Caption-style text data:
++++

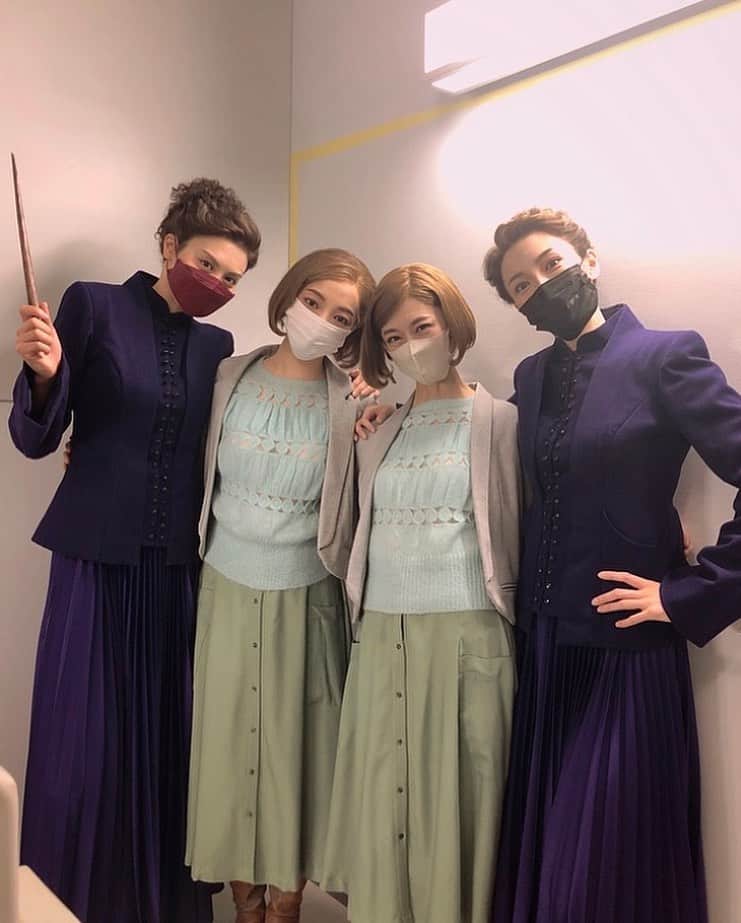 白羽ゆりのインスタグラム：「昨日は終演後にあるお仕事があって全員ではないんですが、みんな揃いました！  扮装写真で2人揃うのは最初で最後なんじゃないかな？って思います。  嬉し過ぎて皆んなで写真撮りました‼️  ダブルキャストというのは今回が初なのでどんな感じかなと思ってたけど、馬渕っちゃんジニーには迷惑かけてしまったのも含めて本当にありがとうという気持ちでいっぱいです。  ハーマイオニーの2人も最高。  ちぎちゃん(早霧)は宝塚から一緒だし、べっぴー(中別府)は、日々私を笑わせてくれる🤣  キャストに恵まれた舞台ハリーポッター。大変な作品だからこそ、このメンバーで良かったなと心から思う🥰」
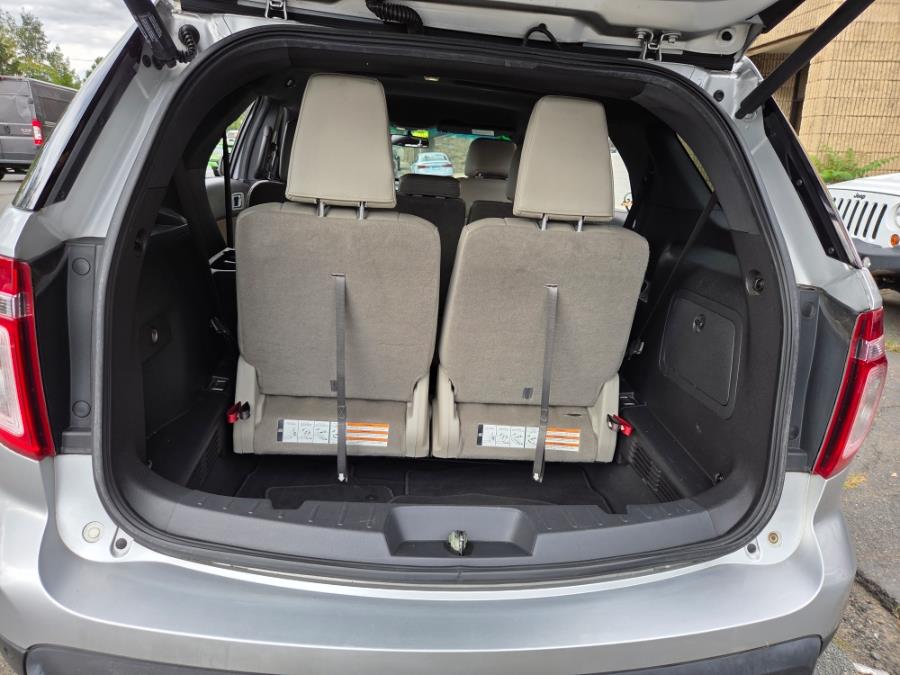 2012 Ford Explorer 4WD 4dr XLT, available for sale in Derby, Connecticut | Bridge Motors LLC. Derby, Connecticut 2012 Ford Explorer 4WD 4dr XLT, available for sale in Derby, Connecticut | Bridge Motors LLC. Derby, Connecticut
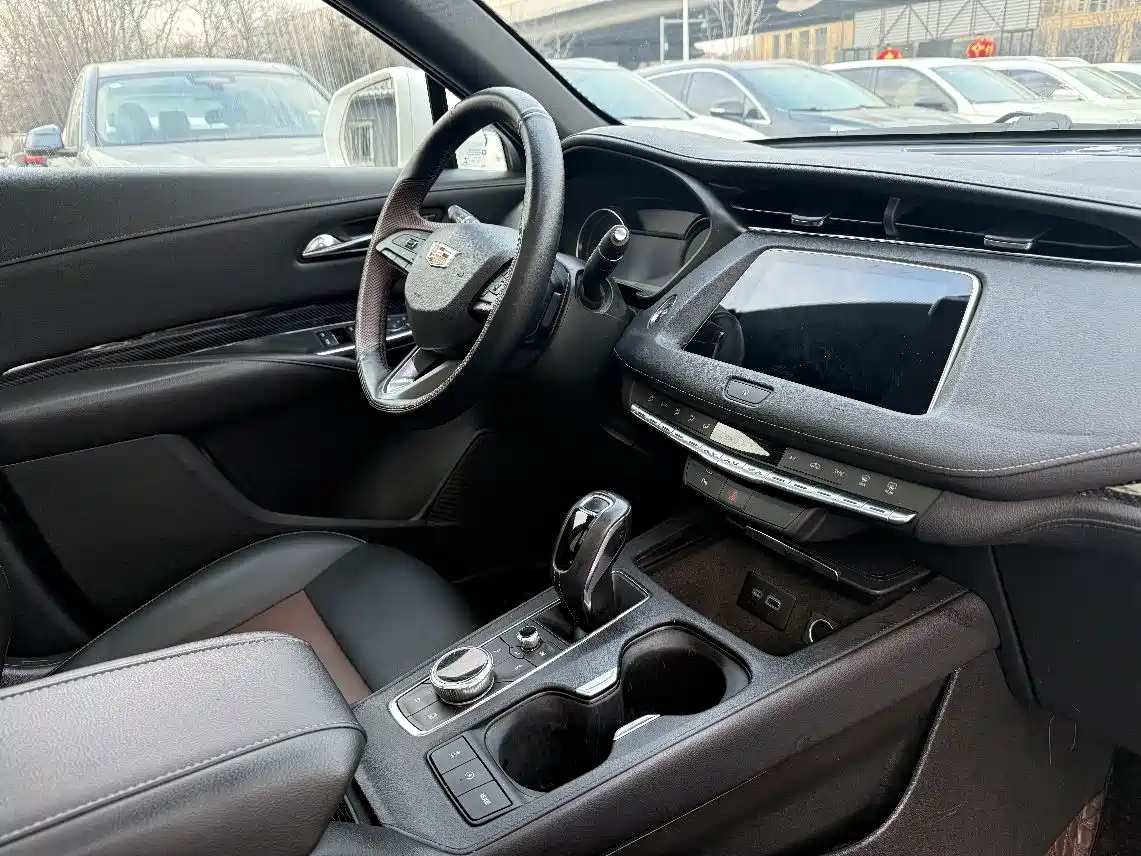 Cadillac XT4 2019 2018 Model 28T 2WD Technology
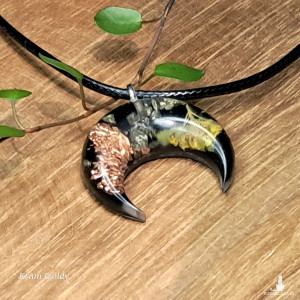 Czarna Lunula, orgonit - mały wisiorek z żywicy, bizmut i smagliczka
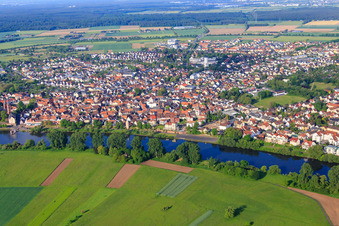 Stadtübersicht am Mainufer aus Nordosten mit Klostergarten Seligenstadt im Bundesland Hessen, Deutschland
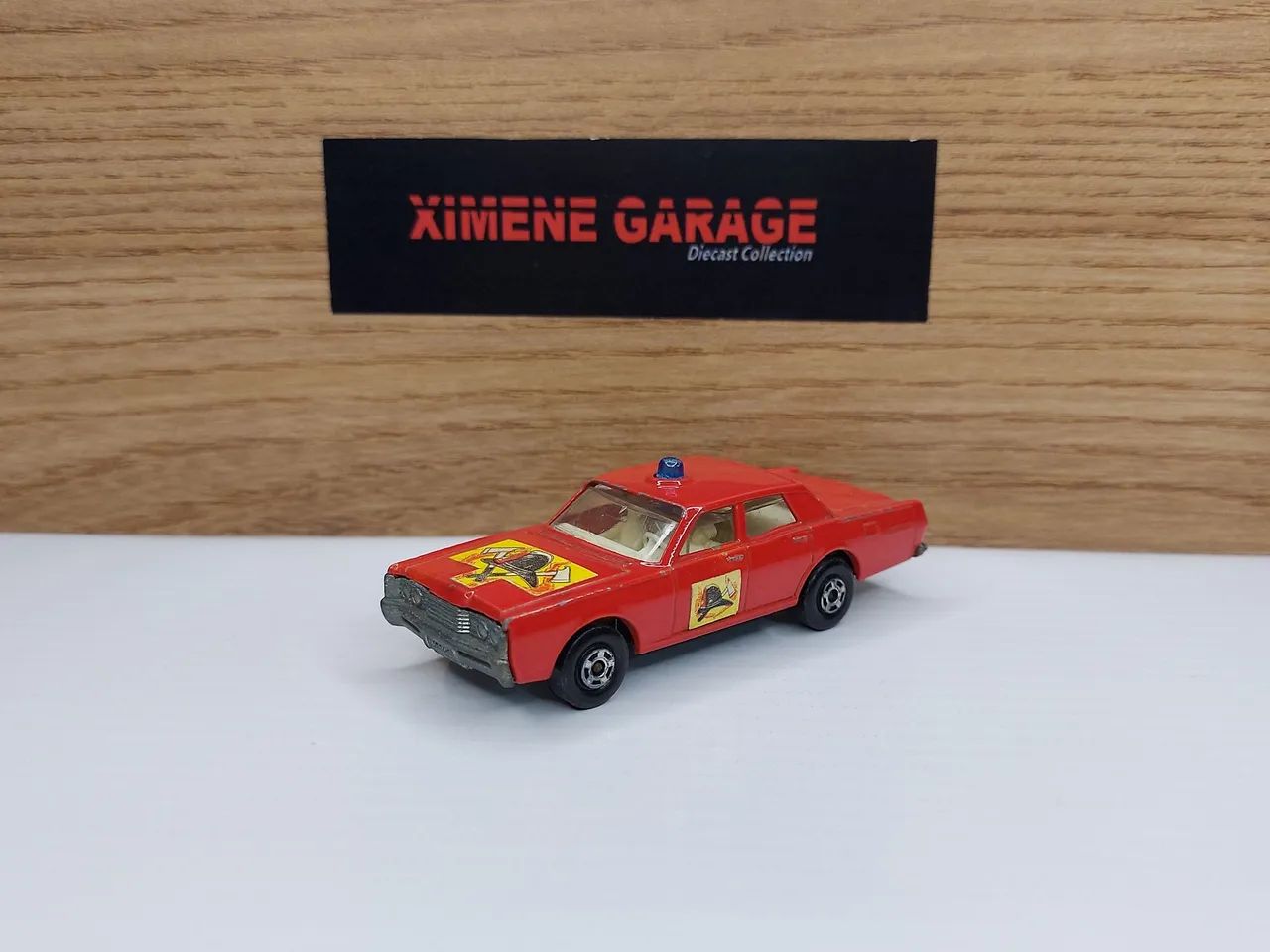 Matchbox Lesney Cougar Fire Chief Car Superfast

++++

Task item:
An exact reproduction of the data above is required, with every picture removed.

Task output:
 白羽ゆりのインスタグラム：「昨日は終演後にあるお仕事があって全員ではないんですが、みんな揃いました！  扮装写真で2人揃うのは最初で最後なんじゃないかな？って思います。  嬉し過ぎて皆んなで写真撮りました‼️  ダブルキャストというのは今回が初なのでどんな感じかなと思ってたけど、馬渕っちゃんジニーには迷惑かけてしまったのも含めて本当にありがとうという気持ちでいっぱいです。  ハーマイオニーの2人も最高。  ちぎちゃん(早霧)は宝塚から一緒だし、べっぴー(中別府)は、日々私を笑わせてくれる🤣  キャストに恵まれた舞台ハリーポッター。大変な作品だからこそ、このメンバーで良かったなと心から思う🥰」
 2012 Ford Explorer 4WD 4dr XLT, available for sale in Derby, Connecticut | Bridge Motors LLC. Derby, Connecticut 2012 Ford Explorer 4WD 4dr XLT, available for sale in Derby, Connecticut | Bridge Motors LLC. Derby, Connecticut
 Cadillac XT4 2019 2018 Model 28T 2WD Technology
 Czarna Lunula, orgonit - mały wisiorek z żywicy, bizmut i smagliczka
 Stadtübersicht am Mainufer aus Nordosten mit Klostergarten Seligenstadt im Bundesland Hessen, Deutschland
 Matchbox Lesney Cougar Fire Chief Car Superfast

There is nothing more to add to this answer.